Under unpredictable settings that simulated restrictions, including communication failures, robot breakdowns, and interruptions during tasks. PMW and PSO approaches exhibited delayed recovery and task congestion under such disruptions. However, the proposed framework maintained operational continuity due to its integration of real-time failure detection, MQTT-based low-latency messaging, and actuator redundancy that minimizes the need for full task reassignment in the event of partial hardware failure. In fault-injected scenarios, the system demonstrated 30–40 ms (
Figure 5 and
Figure 6).
These findings highlight the robustness and adaptability of the proposed method in dynamic environments, particularly within the context of multi-robot systems operating in mission-critical scenarios such as disaster response, industrial automation, and autonomous exploration. By ensuring rapid recovery and efficient load redistribution, the framework offers a scalable and resilient solution for maintaining system performance in the face of uncertainty.

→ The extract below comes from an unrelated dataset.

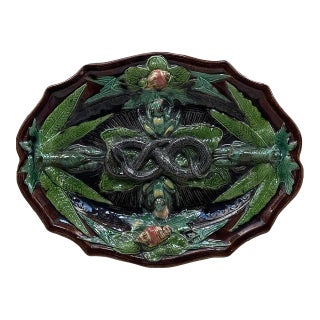 Antique French Palissy Majolica Serving Platter For Sale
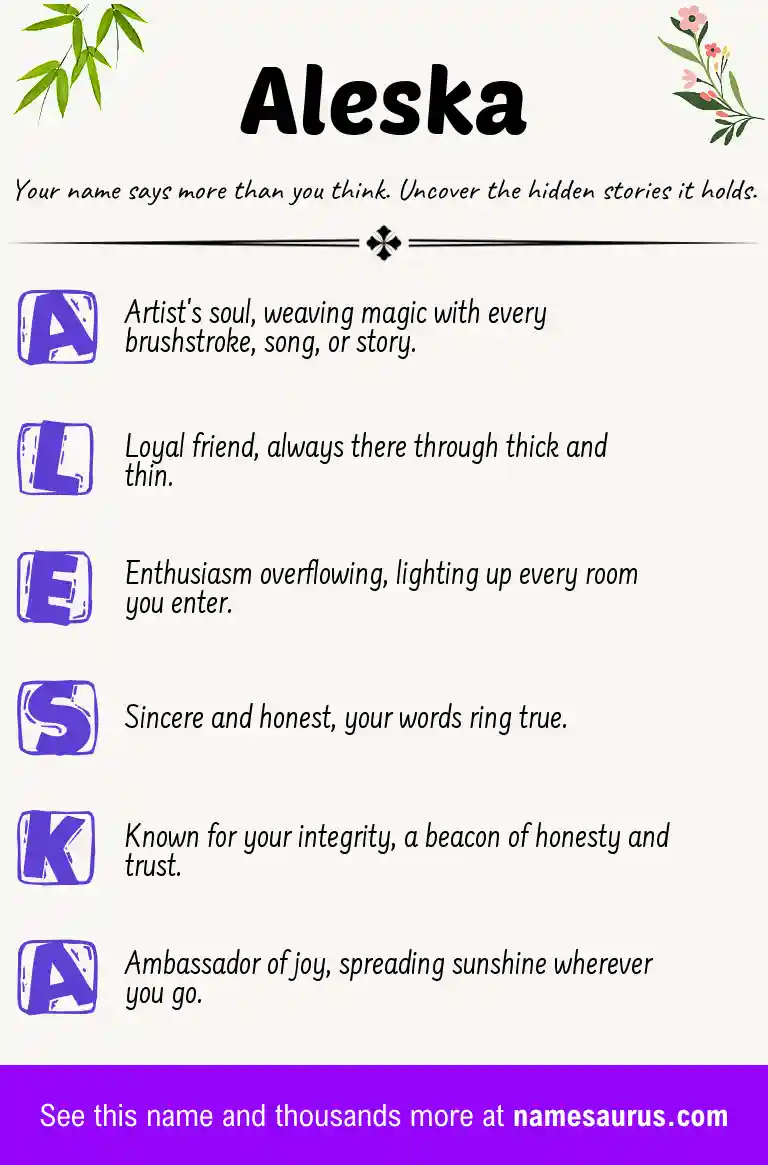 Acrostic poem about Aleska.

4.5. Utilizations of Proposed Framework
The recommended fault-tolerant framework for dynamic task reassignment in multi-robot systems enhances efficiency across industries by ensuring seamless task execution despite failures. In warehouses, it enables uninterrupted inventory management, while in healthcare, it ensures timely medical supply delivery and patient monitoring. Logistics and transportation benefit from adaptive delivery routing, and smart manufacturing reduces downtime by reallocating assembly tasks. In disaster response, robots dynamically adjust search and rescue efforts, improving coverage in critical situations. Agriculture optimizes precision farming, while autonomous security systems maintain continuous surveillance. This framework enhances resilience, scalability, and operational continuity, making it ideal for unpredictable environments.